===== Listed records

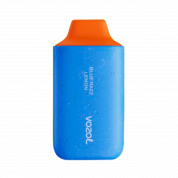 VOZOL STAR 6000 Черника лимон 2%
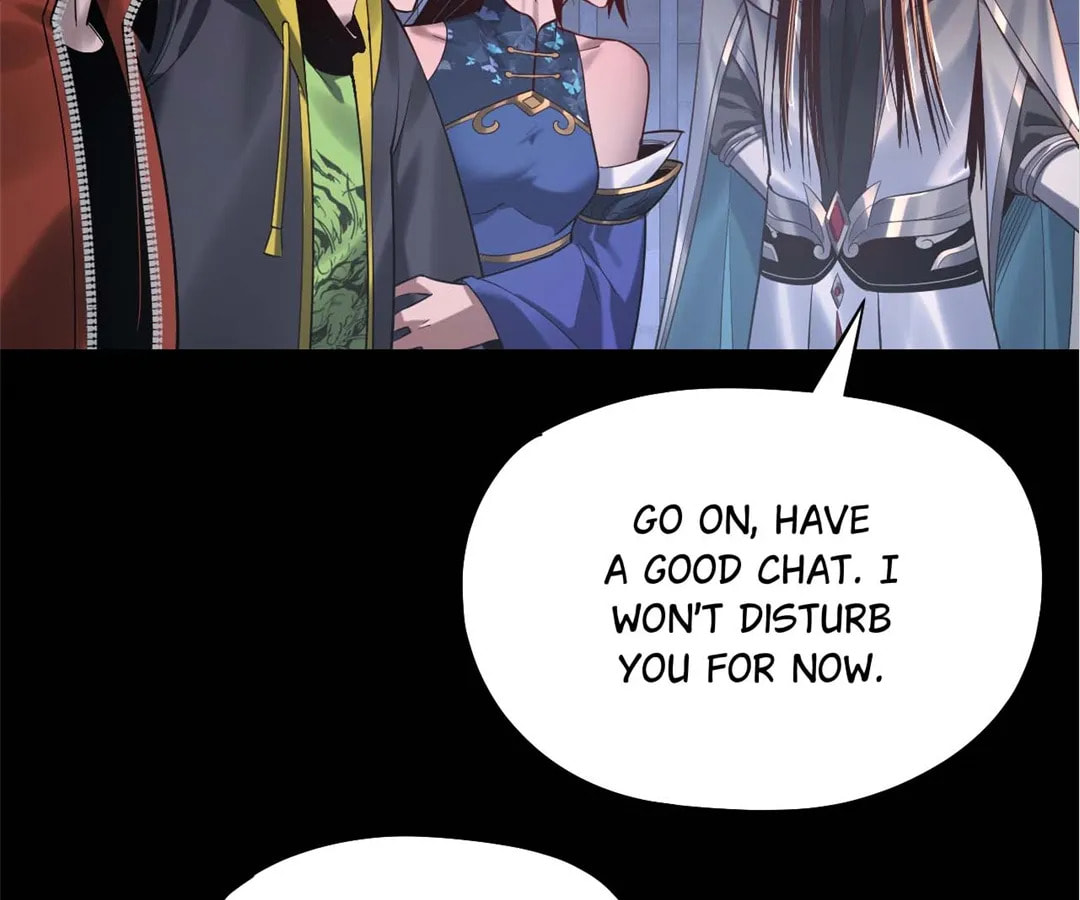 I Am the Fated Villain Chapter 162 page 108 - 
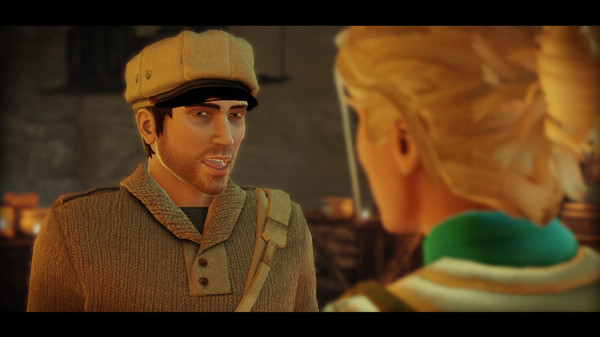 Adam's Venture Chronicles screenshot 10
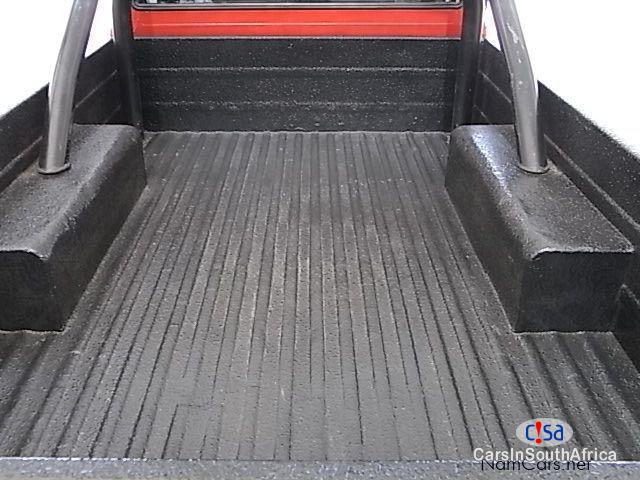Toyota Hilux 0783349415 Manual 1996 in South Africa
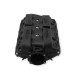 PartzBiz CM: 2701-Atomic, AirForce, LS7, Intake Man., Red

==========

Each entry above must be printed exactly, apart from its pictures.

 VOZOL STAR 6000 Черника лимон 2%
 I Am the Fated Villain Chapter 162 page 108 - 
 Adam's Venture Chronicles screenshot 10
Toyota Hilux 0783349415 Manual 1996 in South Africa
 PartzBiz CM: 2701-Atomic, AirForce, LS7, Intake Man., Red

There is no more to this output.